Tuesday, February 28, 2006

The Centre for Independent Studies has released a paper calling for reform of university student fees system. The paper, authored by Andrew Norton, argues that the cap on loans to full fee paying students is too low. The current cap allows for loans during a lifetime of AU$50,950.

“Setting the FEE-HELP limit at this amount biases the market against courses that are long or have high per year costs, or both,” argues Norton in the paper. “The loan cap is a crude way of controlling lending, taking no account of course costs or capacity to repay.”

According to Norton, this undermines student choice and competition. He argues that the system should function more like commercial lending.

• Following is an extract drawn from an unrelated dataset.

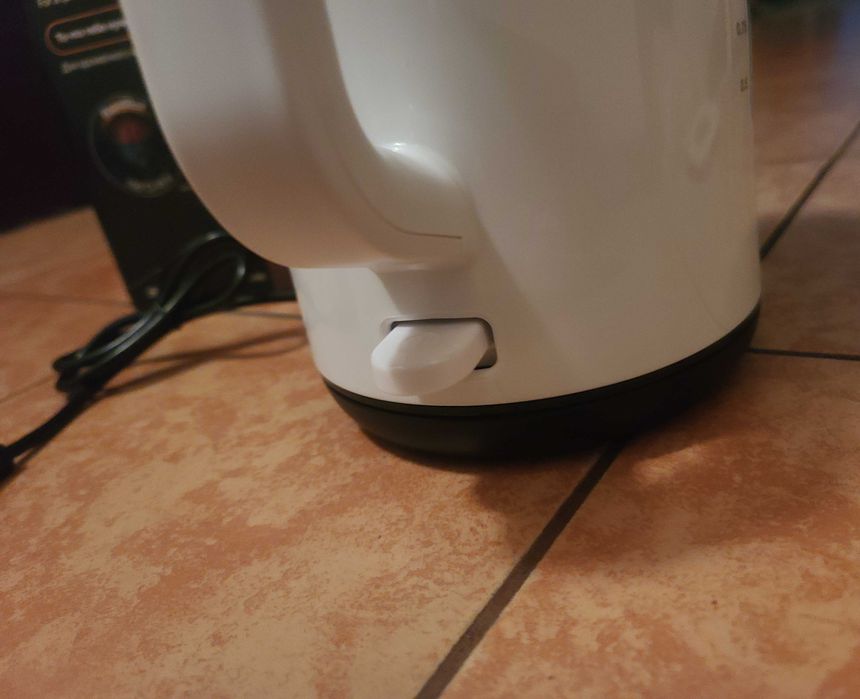 Електрочайник Braun 1,7 л 2200 Вт пластик всі види захисту зі шкалою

“A truly radical reform would make student loans mimic commercial loans: students with good earning prospects could borrow large sums, other students could borrow less, and some could not borrow at all,” he said. “Instead of denying or limiting loans to people doing high cost courses, as now occurs, the government could deny loans to people who are unlikely to repay.”

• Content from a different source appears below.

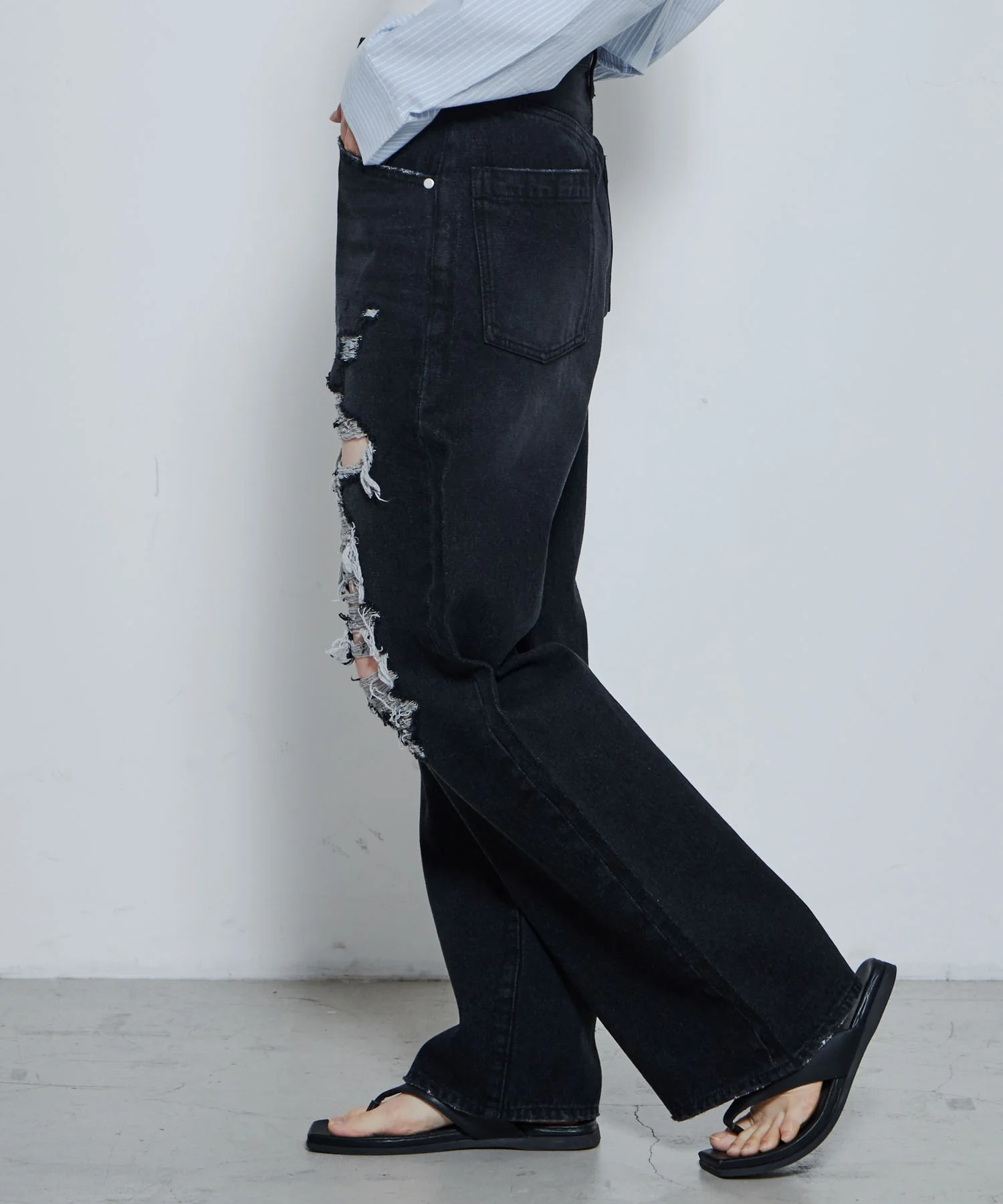 ダメージデニムワイドパンツ - Image 24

The paper was criticised by Senator Kerry Nettle, Education Spokesperson for the Australian Greens. She argued that the changes would mean an increase in costs to students already struggling to pay, and called on Education Minister Julie Bishop to rule out the changes.

“To consider refusing loans to those deemed less able to repay would further cut off higher education for Australians from low socio-economic backgrounds,” she said. “Julie Bishop should use her address to the National Press Club tomorrow to rule out any moves to further deregulate the HECS system.”

“Student fees have spiralled upward under the Howard government and any further deregulation would just make a bad system worse,” she added.